Moreover, when powerful business and labor interests can extract concessions in those bilateral deals, they have no reason to support a multilateral trade agenda. Mr. Obama’s trade representative, Ron Kirk, points out that business leaders press bilateral trade deals, not the Doha round. The proponents of bilateral deals always complain that multilateralism is too slow. This surely confuses cause and effect....
The failure of Doha would cause immeasurable harm. It would undermine the credibility of the W.T.O. and its progress in promoting multilateral trade liberalization, and it would begin to erode the binding dispute settlement mechanism, an achievement unparalleled in other international institutions.
The value of that mechanism was demonstrated just this month, when a W.T.O. panel ruled for the United States and the European Union in a case challenging China’s restrictions on exports of industrial raw materials.
First, Mr. Obama needs to bring the business lobbies on board....The specifics of Bhagwati's recipe for Doha success are different from those that Phil Levy and I set forth in an IBD op-ed last December, but the overall point of each piece is identical: Doha is extremely important, and its fate rests in the President's hands alone.
Next, the canard that Doha offers little gain for the United States must be put to rest....
President Obama must persuade labor unions, core Democratic constituents, that they are wrong to buy into the fear-mongering that says trade with poor countries produces poverty in rich countries....
The president should ask Democrats and Republicans to immediately add the Doha round, as it has been negotiated over 10 years, into the same all-or-nothing package as the three bilateral deals. Such a bold gesture has a precedent. After sitting on the fence his first year in office, President Bill Clinton embraced the cause of trade, despite the political costs, and fought fiercely, and against great odds, for the Uruguay round. Mr. Obama should do no less.
Unfortunately, as Levy and I noted last year, the political and economic conditions for White House leadership on Doha were much better back then than they are now, and, of course, the Obama administration did absolutely nothing to advance the Round since that time. Nothing.
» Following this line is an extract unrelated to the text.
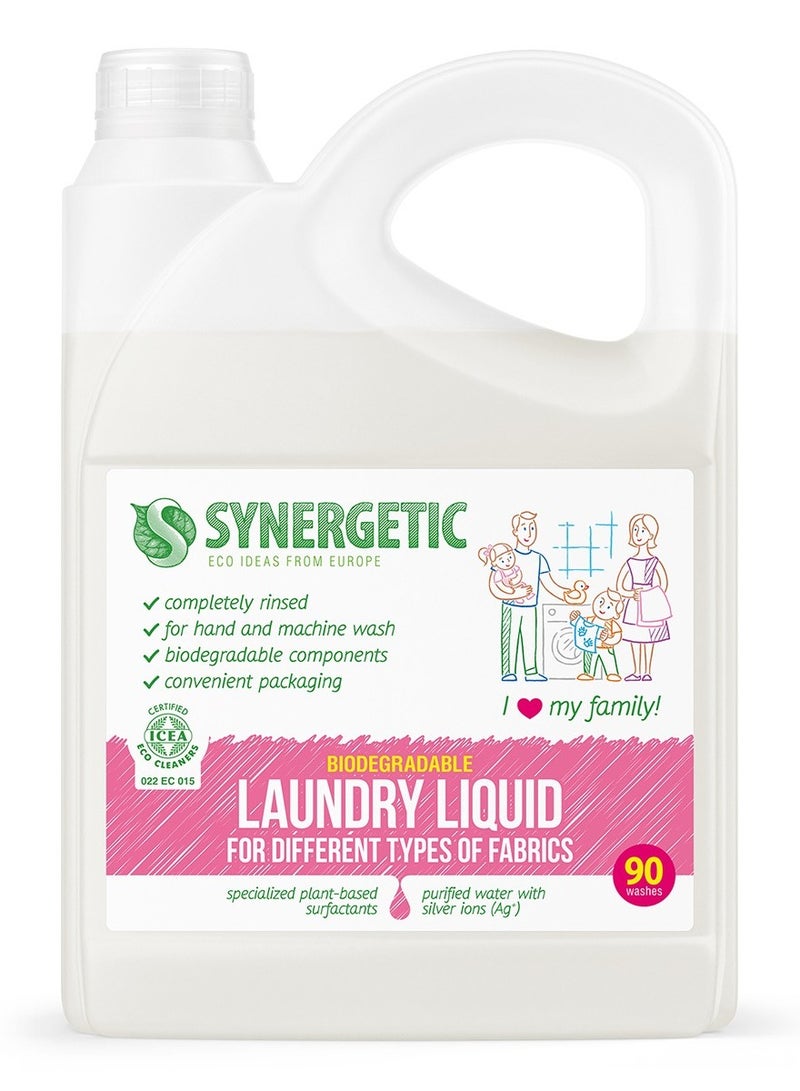 SYNERGETIC Biodegradable Concentrated Multifunctional Laundry Liquid 2750ml - Image 1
So, while I applaud Bhagwati's analysis and efforts, I think he's absolutely kidding himself if he really thinks that this already-campaigning President will wake up tomorrow and start vigorously defending the Doha Round and spending significant political capital convincing US businesses and, more importantly, American labor unions(!) that multilateral trade liberalization is an important and worthwhile endeavor. Indeed, the current FTA impasse is a crystal clear reminder of President Obama's abject refusal to take on US labor unions in order to promote an American free trade agenda. So why would he and his political team do it with a much larger (and more economically significant) trade agreement?
Quick (and obvious) answer: they wouldn't, and thus, the Doha Round remains in deep, deep trouble for the foreseeable future.
The sooner we all realize this sad fact, the faster we can formulate appropriate contingency plans, such as putting the Round on ice until, oh I don't know, 2013 when the White House will (hopefully) be occupied by someone more amenable to free trade.
It certainly couldn't get any worse.
1 comment:
Bhagwati is a smart guy, so I don't understand why it is such a struggle for him to grasp that Obama doesn't care about free trade. At all. Given Bhagwati is a Democrat, maybe it's just a case of partisan blinders.